Gladstone's Library -- A Magical Place

One of the greatest joys of being a writer is the access it gives you to magical places. Places like Gladstone’s Library, which I was fortunate enough to visit last weekend for the first, but hopefully not the last time.

The entrance to Gladstone's Library

Like many writers I spend idle moments Googling things like ‘retreats’ and ‘writer opportunities’, and that’s how I found out about Gladstone’s Library. It is such a ‘me’ place that I can’t believe I haven’t known about it all my life.

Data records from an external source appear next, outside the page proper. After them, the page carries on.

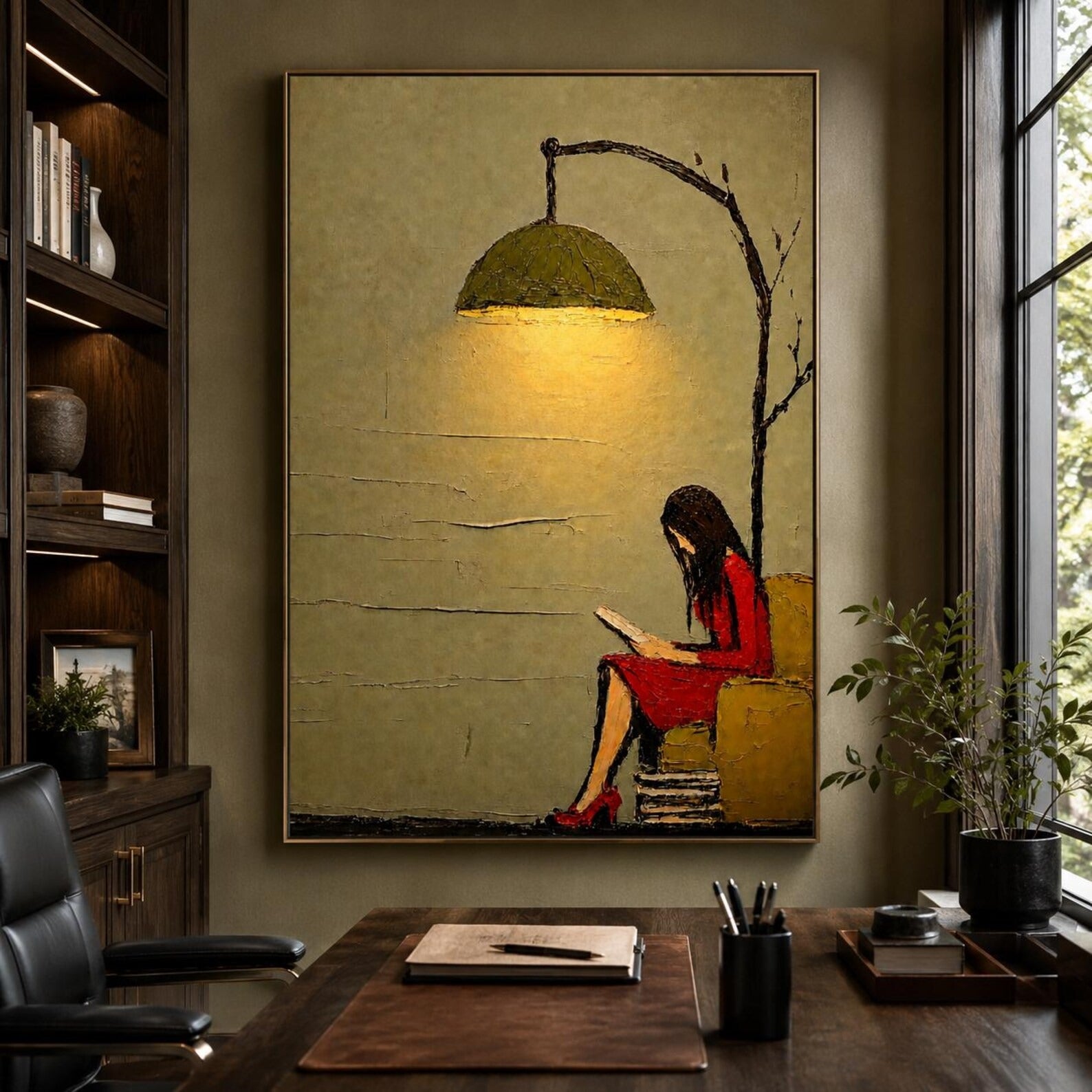 Hand-Painted Vintage Reading Woman Oil Painting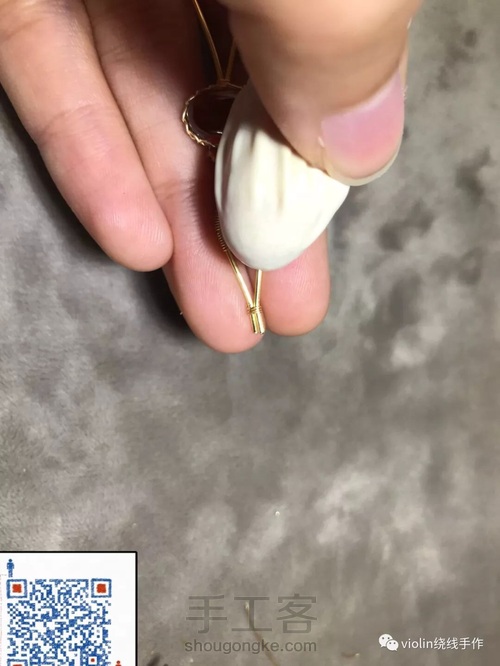 简单开口戒 椭圆戒面 第14步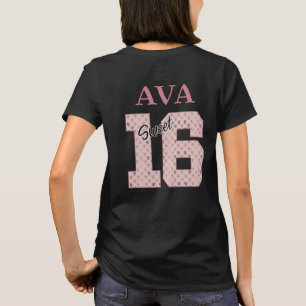 Sweet 16 Birthday Girl Roos Color Typografie T-shirt
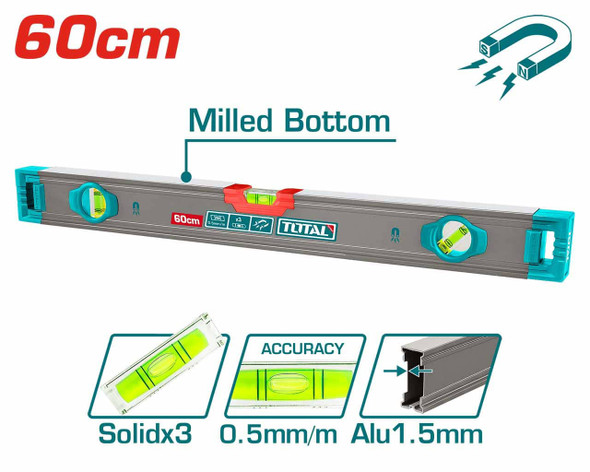 LEVEL TOTAL 60CM TMT26028M SPIRIT WITH MAGNETS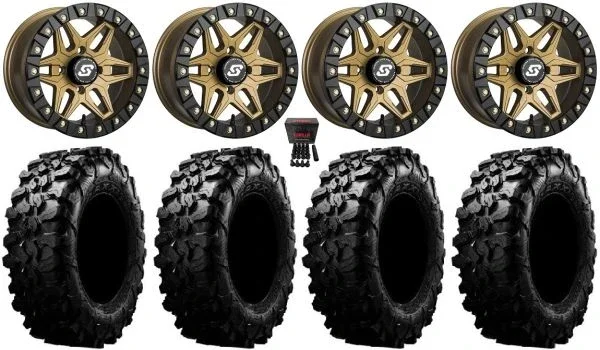 Sedona Split 6 Bdlk 14″ Wheels Br 32″ Carnivore Tires Yamaha Viking Wolverine YXZ1000R CFMoto ZForce 950 UForce 1000
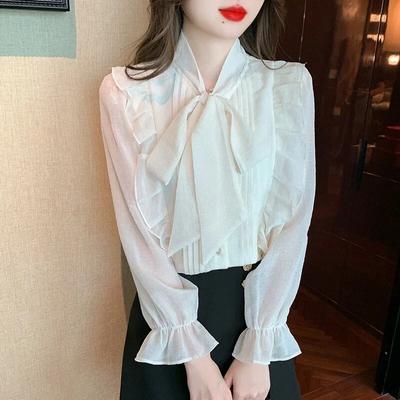 Mode Rüschen Chiffon Bluse Frauen Elegante Lange Hülse Frauen Shirts Button Up Frau Tops Büro Dame Kleidung 29933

Gladstone’s Library describes itself as a ‘residential library and meeting place …dedicated to dialogue, debate and learning for open-minded individuals and groups, who are looking to explore pressing questions and to pursue study and research in an age of distraction and easy solutions.’

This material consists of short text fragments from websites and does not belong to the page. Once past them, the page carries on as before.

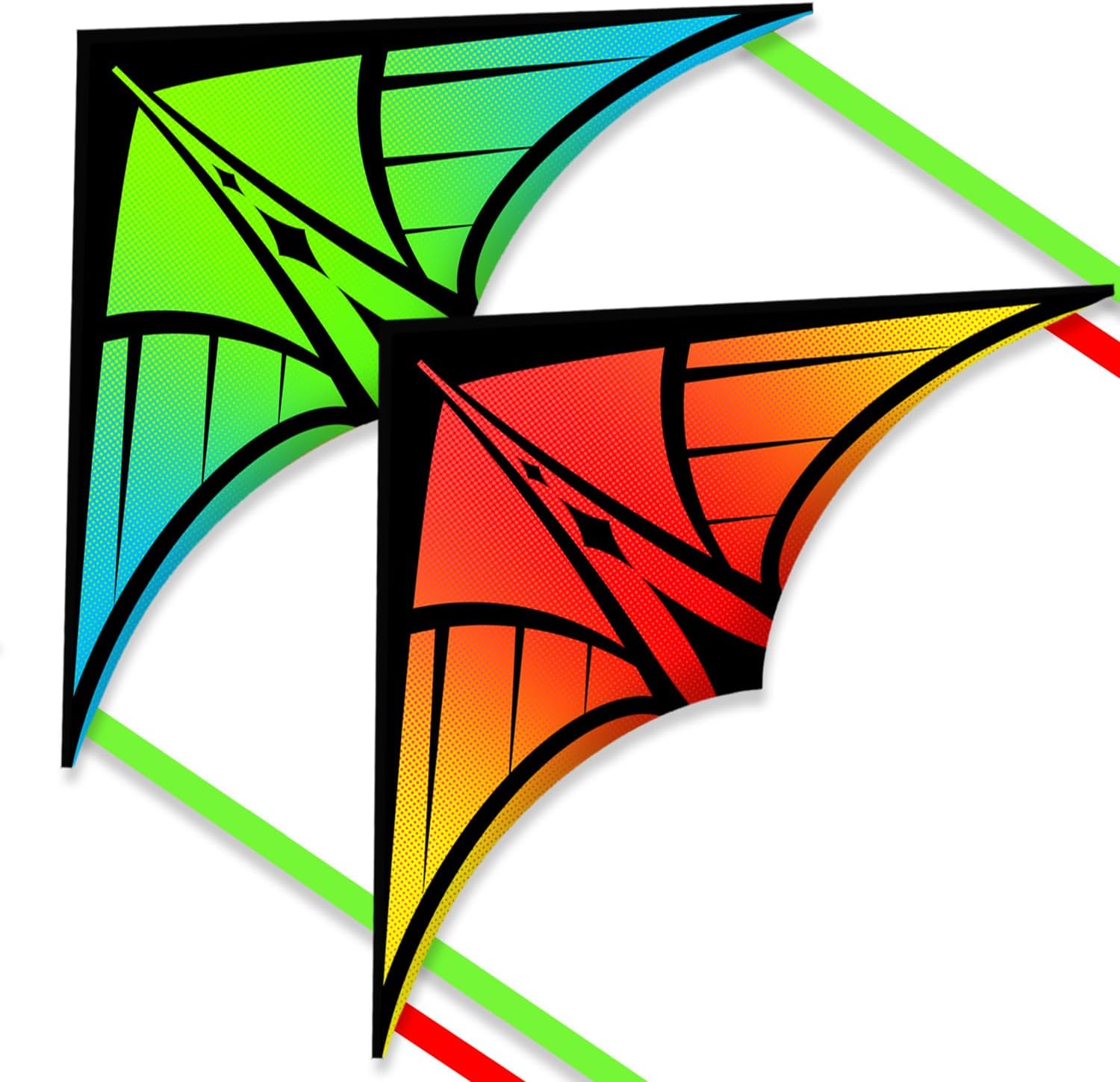 Large Delta Kite for Kids & Adults - Easy to Fly Outdoor Kites for Kids Ages 8-10, Perfect for Beach & Family Activities, Includes Line & Handle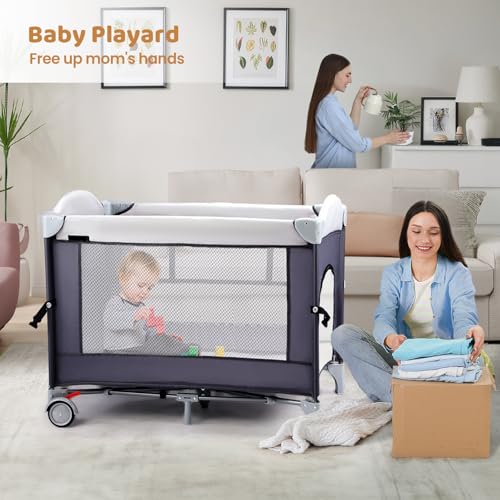 Image of JOYMOR Pack and Play with Changing Table, 5-in-1 Portable Baby Bedside Bassinet with Storage, Travel Crib with Carry Bag, Compact Fold (Gray)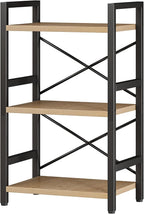Homeiju Bookshelf, 3 Tier Industrial Bookcase, Metal Small Bookcase, Rustic - Image 9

As the name suggests, it was founded by the statesman William Gladstone himself, and part of his own extensive library forms the core of its magnificent collection. It’s the most wonderful memorial to his life, work and liberal values.  Gladstone wanted to ensure that anyone who needed to use the library should be able to do so, so access to the library itself is free, and there are many bursaries and scholarships to help those who need to stay. 

And there is the most fantastic Writer in Residence scheme. https://www.gladstoneslibrary.org/events/writers-in-residence

This year, feeling that my recent publications Name Upon Name and Star By Star qualified as ‘engaging with liberal values’, I decided to apply. I was thrilled to be shortlisted, and the disappointment of not making the final four was greatly assuaged by the invitation to read and talk at Hearth, their winter ‘micro-festival’, held in November and February. 

This was one of the best events I have ever attended. It’s deliberately small – four writers and about thirty participants, many of whom choose to make a weekend of it in the comfortable accommodation. Each writer gave a talk, and there was a panel event on the Saturday evening. I’d never met my fellow writers – Annabel Abbs, Jenny Lewis and Dipika Mukherjee – but we had a great panel event, thanks not only to our own brilliance but to the expert chairing by Peter Francis, Gladstone's Library's Warden and Louisa Yates, Director of Collections and Research,  and to the intelligent questions of a hugely engaged audience.

I was slightly nervous about turnout for my Sunday morning talk, Soldiers, Solidarity and Suffrage. Though the blurb made it clear that my novels, though marketed for teens, are enjoyed by adults, I was worried that the snobbery which sometimes dogs the children’s writer might prevail. I knew that it was the first time the Library had invited a children’s author, and I didn't want to let them down! I should not have worried. The room was full and Star By Star sold out in the festival bookshop. I don’t think I’ve ever had such a long signing queue or responded to such in-depth questions.

This is where the festival takes place -- yes, literally round the hearth!

As well as attending my fellow writers’ talks, and much chatting, eating, drinking and walking, I was also able to use the library itself to work in. It’s the most wonderful space – silent and spacious and yet with such a full, rich atmosphere. In my little nook, surrounded by nineteenth century books on theology and art, I felt hugely grateful to be part, for one weekend, of this benevolent and civilised place. I managed to do a week’s worth of editing in under three days, and I’m already planning my return.

a wonderful place to work
On my last morning, though I'm not really a religious person, I decided to start the day by attending the short Eucharist with which every weekday morning at the library starts. My fellow writers had had the same idea. It felt like a fitting end to a wonderful experience. 

I’ve taken  away with me some new friends, some wonderful books by my fellow Hearth writers, and a special new place on my mental map of wonderful places to write. I’ve also taken the confidence to keep on applying for new opportunities. I think Gladstone would have approved. 


Penny Dolan said...

Gladstone's Library looks a most magical and inspiring place, Sheena.

Sheena Wilkinson said...

It really is! I have just booked my return!

Dipika Mukherjee said...

Glad to have met you Sheena...all the best with your work!